As Beckstrom walked off the green, the first person he saw was David Schultz, a teammate from TCU who had also made it through first stage. Schultz had never been in serious contention at second stage and had finished 70th. He had just finished a few minutes earlier on the front nine and had a big grin on his face as he shook Beckstrom’s hand.
“Congratulations,” he said. “I couldn’t be happier for you.”
Beckstrom’s family hadn’t been able to warn Schultz about what had happened before he saw Beckstrom. “I felt terrible, because I knew how terrible he was going to feel when I told him,” Beckstrom said. “I just looked at him and said, ‘David, I didn’t make it. I shot six over.’”

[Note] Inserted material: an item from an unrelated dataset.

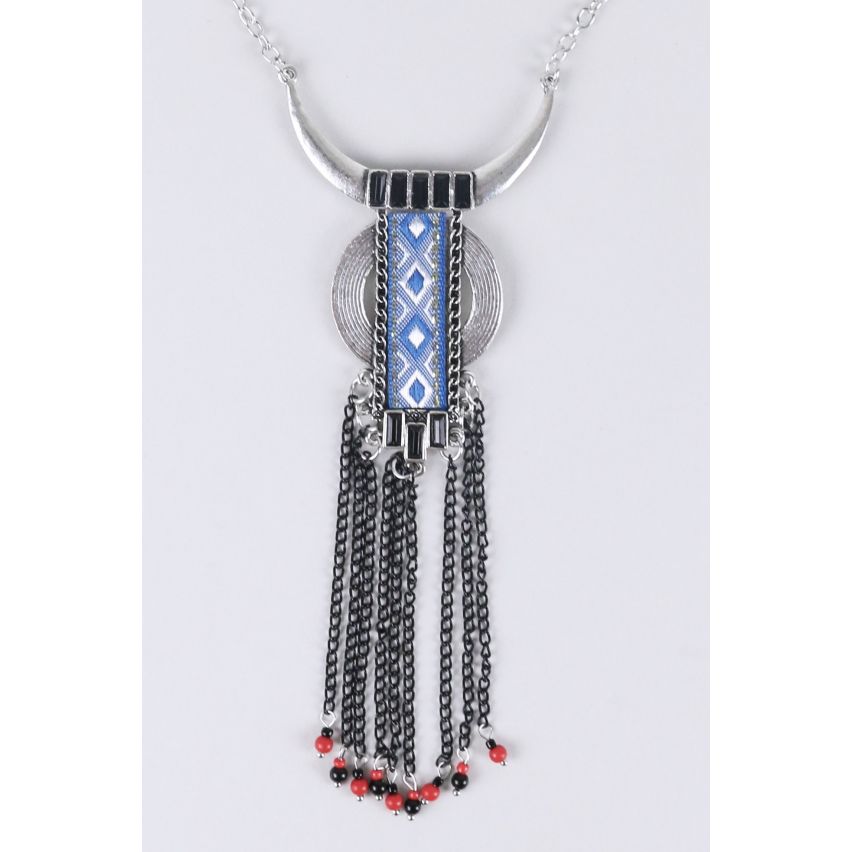 Lovemystyle argent Collier avec pendentif Tribal surdimensionné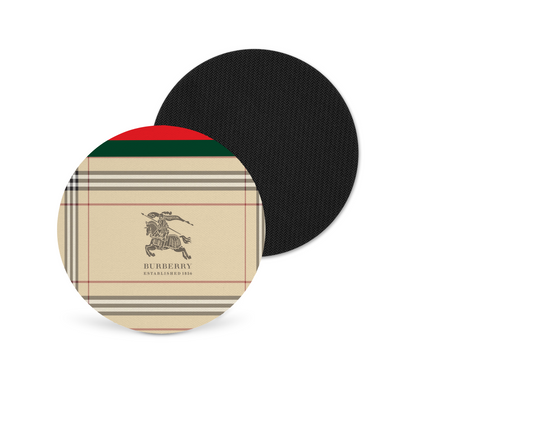 Burberry Inspired Neoprene Drink Coaster x2 (001)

Beckstrom saw terror and shock in Schultz’s eyes. “He didn’t know what to say. I didn’t know what to say,” he said. “At that point, I was completely out of it. I kept thinking there had to be more to do, more golf to play, that it couldn’t really be over. But it was.”
He signed his card and accepted consolation hugs from his family. He didn’t want to run out on everybody, didn’t want to pout, so he hung around, accepting condolences from other players who saw his score and came by to tell him they were sorry. Beckstrom’s face was blank as he spoke to them, the kind of look often seen at an accident or a fire. Or on the last day of Q School.
After a while, he and his girlfriend walked to the parking lot so Colby could change his shoes for the ride home. He put his clubs in the trunk and took a deep breath. They had been standing there talking for a few minutes when J. J. walked up. He had lingered by the scoreboard, watching the numbers go up, listening to people talk about who was in and who was out.